TASK INSTRUCTIONS: Would you set down the complete data below, exactly as shown?

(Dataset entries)
···

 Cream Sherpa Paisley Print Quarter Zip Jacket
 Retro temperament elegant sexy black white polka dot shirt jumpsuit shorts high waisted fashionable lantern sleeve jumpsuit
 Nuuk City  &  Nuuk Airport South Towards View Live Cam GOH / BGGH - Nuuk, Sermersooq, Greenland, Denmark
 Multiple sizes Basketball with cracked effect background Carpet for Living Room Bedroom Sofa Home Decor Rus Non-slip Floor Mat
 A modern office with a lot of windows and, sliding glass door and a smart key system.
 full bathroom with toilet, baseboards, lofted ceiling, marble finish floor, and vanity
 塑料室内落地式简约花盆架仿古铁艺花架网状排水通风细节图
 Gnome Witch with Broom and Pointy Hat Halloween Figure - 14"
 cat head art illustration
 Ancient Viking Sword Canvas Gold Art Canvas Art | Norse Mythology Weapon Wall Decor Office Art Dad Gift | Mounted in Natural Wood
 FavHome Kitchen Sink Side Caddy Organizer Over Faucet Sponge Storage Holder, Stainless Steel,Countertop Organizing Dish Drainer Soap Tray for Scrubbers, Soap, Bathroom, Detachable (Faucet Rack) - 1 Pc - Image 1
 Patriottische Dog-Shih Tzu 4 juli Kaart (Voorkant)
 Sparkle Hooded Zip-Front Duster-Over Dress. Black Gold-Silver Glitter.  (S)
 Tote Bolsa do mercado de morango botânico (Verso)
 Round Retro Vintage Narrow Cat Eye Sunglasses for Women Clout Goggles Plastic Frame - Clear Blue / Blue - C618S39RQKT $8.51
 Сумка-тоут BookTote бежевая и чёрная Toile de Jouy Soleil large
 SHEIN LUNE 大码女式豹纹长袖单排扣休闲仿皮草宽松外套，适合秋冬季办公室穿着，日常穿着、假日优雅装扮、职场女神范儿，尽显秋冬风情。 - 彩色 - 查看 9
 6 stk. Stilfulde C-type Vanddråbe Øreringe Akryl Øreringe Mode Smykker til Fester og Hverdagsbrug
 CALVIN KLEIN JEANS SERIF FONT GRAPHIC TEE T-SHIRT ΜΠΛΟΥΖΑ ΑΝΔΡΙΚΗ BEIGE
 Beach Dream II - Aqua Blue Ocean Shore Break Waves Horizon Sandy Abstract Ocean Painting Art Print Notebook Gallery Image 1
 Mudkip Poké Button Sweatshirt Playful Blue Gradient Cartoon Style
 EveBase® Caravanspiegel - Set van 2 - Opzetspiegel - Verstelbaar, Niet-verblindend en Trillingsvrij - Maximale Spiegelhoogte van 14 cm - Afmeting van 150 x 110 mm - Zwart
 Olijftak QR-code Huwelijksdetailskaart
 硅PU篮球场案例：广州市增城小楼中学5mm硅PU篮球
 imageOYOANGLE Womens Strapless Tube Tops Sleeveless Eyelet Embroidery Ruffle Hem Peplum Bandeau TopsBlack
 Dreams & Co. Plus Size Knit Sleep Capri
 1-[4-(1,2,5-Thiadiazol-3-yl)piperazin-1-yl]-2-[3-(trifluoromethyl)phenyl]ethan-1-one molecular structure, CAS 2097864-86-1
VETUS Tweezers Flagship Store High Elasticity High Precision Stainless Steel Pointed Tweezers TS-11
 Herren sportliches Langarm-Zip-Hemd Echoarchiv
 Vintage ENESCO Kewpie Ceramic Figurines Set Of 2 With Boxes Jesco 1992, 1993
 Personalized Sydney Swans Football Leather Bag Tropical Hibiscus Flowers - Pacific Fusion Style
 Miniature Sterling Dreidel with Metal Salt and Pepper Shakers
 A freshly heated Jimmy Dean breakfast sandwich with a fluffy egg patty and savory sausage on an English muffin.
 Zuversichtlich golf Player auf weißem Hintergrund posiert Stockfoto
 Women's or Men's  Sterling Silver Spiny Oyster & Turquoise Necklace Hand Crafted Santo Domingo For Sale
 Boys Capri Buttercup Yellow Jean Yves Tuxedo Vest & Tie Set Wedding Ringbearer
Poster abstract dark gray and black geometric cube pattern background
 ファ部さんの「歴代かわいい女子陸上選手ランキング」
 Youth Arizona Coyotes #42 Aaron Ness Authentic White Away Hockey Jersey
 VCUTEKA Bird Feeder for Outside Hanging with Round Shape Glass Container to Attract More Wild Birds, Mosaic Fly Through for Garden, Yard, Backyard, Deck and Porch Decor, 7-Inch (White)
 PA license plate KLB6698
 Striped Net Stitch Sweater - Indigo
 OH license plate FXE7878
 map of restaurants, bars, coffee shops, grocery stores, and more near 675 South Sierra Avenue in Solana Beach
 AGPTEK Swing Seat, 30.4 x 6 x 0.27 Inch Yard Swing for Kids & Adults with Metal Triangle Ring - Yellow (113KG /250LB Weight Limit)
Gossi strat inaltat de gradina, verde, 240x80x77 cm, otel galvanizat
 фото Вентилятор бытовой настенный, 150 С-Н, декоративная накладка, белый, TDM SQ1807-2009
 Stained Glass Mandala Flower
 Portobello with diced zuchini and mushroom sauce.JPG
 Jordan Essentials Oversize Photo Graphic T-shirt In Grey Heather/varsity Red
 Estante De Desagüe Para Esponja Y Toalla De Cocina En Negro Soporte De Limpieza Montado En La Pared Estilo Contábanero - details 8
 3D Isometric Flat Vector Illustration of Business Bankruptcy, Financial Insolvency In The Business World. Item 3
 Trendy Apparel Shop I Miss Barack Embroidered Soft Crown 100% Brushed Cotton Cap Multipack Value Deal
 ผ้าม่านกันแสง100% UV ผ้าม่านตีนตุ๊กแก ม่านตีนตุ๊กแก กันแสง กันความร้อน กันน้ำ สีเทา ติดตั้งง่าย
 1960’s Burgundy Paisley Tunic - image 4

···

TASK OUTPUT:
 Cream Sherpa Paisley Print Quarter Zip Jacket
 Retro temperament elegant sexy black white polka dot shirt jumpsuit shorts high waisted fashionable lantern sleeve jumpsuit
 Nuuk City  &  Nuuk Airport South Towards View Live Cam GOH / BGGH - Nuuk, Sermersooq, Greenland, Denmark
 Multiple sizes Basketball with cracked effect background Carpet for Living Room Bedroom Sofa Home Decor Rus Non-slip Floor Mat
 A modern office with a lot of windows and, sliding glass door and a smart key system.
 full bathroom with toilet, baseboards, lofted ceiling, marble finish floor, and vanity
 塑料室内落地式简约花盆架仿古铁艺花架网状排水通风细节图
 Gnome Witch with Broom and Pointy Hat Halloween Figure - 14"
 cat head art illustration
 Ancient Viking Sword Canvas Gold Art Canvas Art | Norse Mythology Weapon Wall Decor Office Art Dad Gift | Mounted in Natural Wood
 FavHome Kitchen Sink Side Caddy Organizer Over Faucet Sponge Storage Holder, Stainless Steel,Countertop Organizing Dish Drainer Soap Tray for Scrubbers, Soap, Bathroom, Detachable (Faucet Rack) - 1 Pc - Image 1
 Patriottische Dog-Shih Tzu 4 juli Kaart (Voorkant)
 Sparkle Hooded Zip-Front Duster-Over Dress. Black Gold-Silver Glitter.  (S)
 Tote Bolsa do mercado de morango botânico (Verso)
 Round Retro Vintage Narrow Cat Eye Sunglasses for Women Clout Goggles Plastic Frame - Clear Blue / Blue - C618S39RQKT $8.51
 Сумка-тоут BookTote бежевая и чёрная Toile de Jouy Soleil large
 SHEIN LUNE 大码女式豹纹长袖单排扣休闲仿皮草宽松外套，适合秋冬季办公室穿着，日常穿着、假日优雅装扮、职场女神范儿，尽显秋冬风情。 - 彩色 - 查看 9
 6 stk. Stilfulde C-type Vanddråbe Øreringe Akryl Øreringe Mode Smykker til Fester og Hverdagsbrug
 CALVIN KLEIN JEANS SERIF FONT GRAPHIC TEE T-SHIRT ΜΠΛΟΥΖΑ ΑΝΔΡΙΚΗ BEIGE
 Beach Dream II - Aqua Blue Ocean Shore Break Waves Horizon Sandy Abstract Ocean Painting Art Print Notebook Gallery Image 1
 Mudkip Poké Button Sweatshirt Playful Blue Gradient Cartoon Style
 EveBase® Caravanspiegel - Set van 2 - Opzetspiegel - Verstelbaar, Niet-verblindend en Trillingsvrij - Maximale Spiegelhoogte van 14 cm - Afmeting van 150 x 110 mm - Zwart
 Olijftak QR-code Huwelijksdetailskaart
 硅PU篮球场案例：广州市增城小楼中学5mm硅PU篮球
 imageOYOANGLE Womens Strapless Tube Tops Sleeveless Eyelet Embroidery Ruffle Hem Peplum Bandeau TopsBlack
 Dreams & Co. Plus Size Knit Sleep Capri
 1-[4-(1,2,5-Thiadiazol-3-yl)piperazin-1-yl]-2-[3-(trifluoromethyl)phenyl]ethan-1-one molecular structure, CAS 2097864-86-1
VETUS Tweezers Flagship Store High Elasticity High Precision Stainless Steel Pointed Tweezers TS-11
 Herren sportliches Langarm-Zip-Hemd Echoarchiv
 Vintage ENESCO Kewpie Ceramic Figurines Set Of 2 With Boxes Jesco 1992, 1993
 Personalized Sydney Swans Football Leather Bag Tropical Hibiscus Flowers - Pacific Fusion Style
 Miniature Sterling Dreidel with Metal Salt and Pepper Shakers
 A freshly heated Jimmy Dean breakfast sandwich with a fluffy egg patty and savory sausage on an English muffin.
 Zuversichtlich golf Player auf weißem Hintergrund posiert Stockfoto
 Women's or Men's  Sterling Silver Spiny Oyster & Turquoise Necklace Hand Crafted Santo Domingo For Sale
 Boys Capri Buttercup Yellow Jean Yves Tuxedo Vest & Tie Set Wedding Ringbearer
Poster abstract dark gray and black geometric cube pattern background
 ファ部さんの「歴代かわいい女子陸上選手ランキング」
 Youth Arizona Coyotes #42 Aaron Ness Authentic White Away Hockey Jersey
 VCUTEKA Bird Feeder for Outside Hanging with Round Shape Glass Container to Attract More Wild Birds, Mosaic Fly Through for Garden, Yard, Backyard, Deck and Porch Decor, 7-Inch (White)
 PA license plate KLB6698
 Striped Net Stitch Sweater - Indigo
 OH license plate FXE7878
 map of restaurants, bars, coffee shops, grocery stores, and more near 675 South Sierra Avenue in Solana Beach
 AGPTEK Swing Seat, 30.4 x 6 x 0.27 Inch Yard Swing for Kids & Adults with Metal Triangle Ring - Yellow (113KG /250LB Weight Limit)
Gossi strat inaltat de gradina, verde, 240x80x77 cm, otel galvanizat
 фото Вентилятор бытовой настенный, 150 С-Н, декоративная накладка, белый, TDM SQ1807-2009
 Stained Glass Mandala Flower
 Portobello with diced zuchini and mushroom sauce.JPG
 Jordan Essentials Oversize Photo Graphic T-shirt In Grey Heather/varsity Red
 Estante De Desagüe Para Esponja Y Toalla De Cocina En Negro Soporte De Limpieza Montado En La Pared Estilo Contábanero - details 8
 3D Isometric Flat Vector Illustration of Business Bankruptcy, Financial Insolvency In The Business World. Item 3
 Trendy Apparel Shop I Miss Barack Embroidered Soft Crown 100% Brushed Cotton Cap Multipack Value Deal
 ผ้าม่านกันแสง100% UV ผ้าม่านตีนตุ๊กแก ม่านตีนตุ๊กแก กันแสง กันความร้อน กันน้ำ สีเทา ติดตั้งง่าย
 1960’s Burgundy Paisley Tunic - image 4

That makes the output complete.